Im Rahmen der Vortragsreihe des dfi un der vhs Ludwigsburg hat der radelnde Reporter Jean-Marie Magro am 22. Januar 2026, dem 24. Deutsch-Französischen Tag, im Kulturzentrum Ludwigsburg vor knapp 100 Personen einen Vortrag zu seinem Buch „Radatouille - Frankreich mon amour“ gehalten.
Der Münchener Journalist, der heute für die ARD aus Brüssel berichtet, las aus drei Kapiteln seines Buches, das Eindrücke von seiner vierwöchigen und rund 3.000 km langen Tour de France im Jahr 2022 einfängt, und beantwortete dabei zahlreiche Fragen des Publikums. In einem lockeren Ton erzählt Magro in seiner „Radatouille“ von Gesprächen mit Menschen, denen er auf seiner Tour begegnet ist, sowie mit alten Bekannten und Mitgliedern seiner Familie, von Natur, Essen und dem Radsport in unserem Nachbarland, wobei er aber auch ernsthaftere, politische Diskussionen aufgreift: so beispielsweise der zunehmende Zuspruch zum rechtsextremen Rassemblement National, nicht zuletzt in der Region, aus der seine Familie stammt.
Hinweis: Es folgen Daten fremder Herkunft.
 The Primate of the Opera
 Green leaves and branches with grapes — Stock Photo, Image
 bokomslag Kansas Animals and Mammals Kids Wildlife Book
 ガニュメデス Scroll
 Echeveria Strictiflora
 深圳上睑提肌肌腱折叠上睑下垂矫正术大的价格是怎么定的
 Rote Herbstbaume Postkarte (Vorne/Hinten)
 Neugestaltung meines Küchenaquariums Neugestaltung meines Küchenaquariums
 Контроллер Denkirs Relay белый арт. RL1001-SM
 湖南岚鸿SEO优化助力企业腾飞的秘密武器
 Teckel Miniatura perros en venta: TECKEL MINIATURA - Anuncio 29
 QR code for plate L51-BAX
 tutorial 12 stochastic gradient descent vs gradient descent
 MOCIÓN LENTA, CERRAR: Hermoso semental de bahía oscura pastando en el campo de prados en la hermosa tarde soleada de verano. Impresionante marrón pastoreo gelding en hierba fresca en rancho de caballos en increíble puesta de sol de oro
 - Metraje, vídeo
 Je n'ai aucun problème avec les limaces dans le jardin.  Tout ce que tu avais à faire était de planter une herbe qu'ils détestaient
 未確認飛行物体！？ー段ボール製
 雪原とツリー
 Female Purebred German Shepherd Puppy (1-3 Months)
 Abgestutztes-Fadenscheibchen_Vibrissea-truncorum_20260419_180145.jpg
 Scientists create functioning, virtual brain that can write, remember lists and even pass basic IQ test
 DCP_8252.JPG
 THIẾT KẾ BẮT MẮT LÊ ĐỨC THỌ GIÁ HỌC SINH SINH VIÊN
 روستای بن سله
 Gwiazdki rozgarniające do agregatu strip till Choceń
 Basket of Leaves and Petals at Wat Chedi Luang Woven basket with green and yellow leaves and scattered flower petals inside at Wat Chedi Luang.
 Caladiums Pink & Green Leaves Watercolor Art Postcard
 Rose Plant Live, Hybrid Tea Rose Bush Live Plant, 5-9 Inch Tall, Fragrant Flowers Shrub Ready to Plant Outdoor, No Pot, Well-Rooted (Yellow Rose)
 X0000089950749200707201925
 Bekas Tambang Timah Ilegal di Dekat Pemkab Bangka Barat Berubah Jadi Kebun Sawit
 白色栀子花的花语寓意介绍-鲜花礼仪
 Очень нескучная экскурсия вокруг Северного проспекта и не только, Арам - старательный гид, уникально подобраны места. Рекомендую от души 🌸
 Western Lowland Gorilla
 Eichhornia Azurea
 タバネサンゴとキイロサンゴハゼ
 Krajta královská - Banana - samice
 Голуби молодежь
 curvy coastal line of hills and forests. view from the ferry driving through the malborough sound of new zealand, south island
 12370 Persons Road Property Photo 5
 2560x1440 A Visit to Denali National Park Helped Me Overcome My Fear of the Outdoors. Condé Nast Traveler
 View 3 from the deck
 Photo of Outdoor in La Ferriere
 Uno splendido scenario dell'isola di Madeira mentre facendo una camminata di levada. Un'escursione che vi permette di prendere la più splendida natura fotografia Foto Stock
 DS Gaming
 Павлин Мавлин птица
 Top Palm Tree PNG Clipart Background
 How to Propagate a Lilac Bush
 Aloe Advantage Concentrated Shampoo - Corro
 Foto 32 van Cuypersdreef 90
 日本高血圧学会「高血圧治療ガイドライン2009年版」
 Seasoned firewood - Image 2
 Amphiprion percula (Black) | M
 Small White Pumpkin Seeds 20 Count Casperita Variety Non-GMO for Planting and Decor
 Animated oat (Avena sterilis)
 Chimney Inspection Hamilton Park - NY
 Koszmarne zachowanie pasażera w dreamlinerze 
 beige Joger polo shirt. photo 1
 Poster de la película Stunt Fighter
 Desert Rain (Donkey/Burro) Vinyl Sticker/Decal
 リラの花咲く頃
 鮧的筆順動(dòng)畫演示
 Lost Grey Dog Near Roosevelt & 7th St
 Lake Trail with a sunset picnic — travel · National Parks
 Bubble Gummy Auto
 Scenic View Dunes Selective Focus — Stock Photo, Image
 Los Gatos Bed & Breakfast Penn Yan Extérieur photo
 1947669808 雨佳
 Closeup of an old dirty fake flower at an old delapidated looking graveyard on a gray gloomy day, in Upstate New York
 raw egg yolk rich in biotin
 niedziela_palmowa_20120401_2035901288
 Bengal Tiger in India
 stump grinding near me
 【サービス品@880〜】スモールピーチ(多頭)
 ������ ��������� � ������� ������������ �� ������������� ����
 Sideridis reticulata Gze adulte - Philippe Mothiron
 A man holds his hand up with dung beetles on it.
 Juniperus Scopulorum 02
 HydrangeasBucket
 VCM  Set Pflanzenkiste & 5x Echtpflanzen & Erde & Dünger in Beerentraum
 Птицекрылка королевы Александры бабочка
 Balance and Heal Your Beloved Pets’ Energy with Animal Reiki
Passend zur aktuellen Debatte rund um das Mercosur Abkommen, las Magro auch aus dem Kapitel, in dem er seine Begegnung mit Jérôme Bayle, einem Gesicht der französischen Landwirtschaftsproteste, begegnet. Magro argumentierte, dass die französische Positionierung in diesem Konflikt sehr viel mit der Identität Frankreichs als Agrarnation zu tun habe: Landwirtschaft sei ein wichtiger Teil der französischen Kultur und Landwirte haben traditionell eine starke politische Präsenz und Organisationskraft.
Auf die Frage, welche denn seine Lieblingsorte auf seiner Frankreich-Tour gewesen seien, schwärmte der Reporter vom Mercantour-Nationalpark und dem von ihm bereits viel bereisten Baskenland. Auch berichtete er begeistert vom Cantal und den Vulkanketten in der Auvergne, die er im Rahmen der Tour erstmals erkundete.
Die letzte, sehr persönliche Etappe der Tour führte Magro und seinen Weggefährten den Mont Ventoux im Vaucluse hinauf, wo Magro von verschiedenen Familiengeschichten, die sich dort einst abspielten, eingeholt und vorangetrieben wird – insbesondere als, wie es unter französischen Radsportleuten heißt, seine Beine ihm nach vier Wochen auf dem Fahrrad nicht mehr antworten zu scheinen wollen ("Les jambes ne répondent pas").
Nach einem Videoeinblick in die Tour schloss Magro den Abend mit den Worten, dass er zwar hauptberuflich viel darüber berichte, wie sich Präsident Macron und Bundeskanzler Merz verstehen würden und wie dies sich auf die deutsch-französischen Beziehungen auswirke, doch würden letztlich diese auf der zivilgesellschaftlichen Ebene gelebt. Daher freue er sich umso mehr, dass sich so viele Menschen an diesem Abend in Ludwigsburg versammelt haben, um Frankreich noch einmal aus einer neuen Perspektive zu begreifen.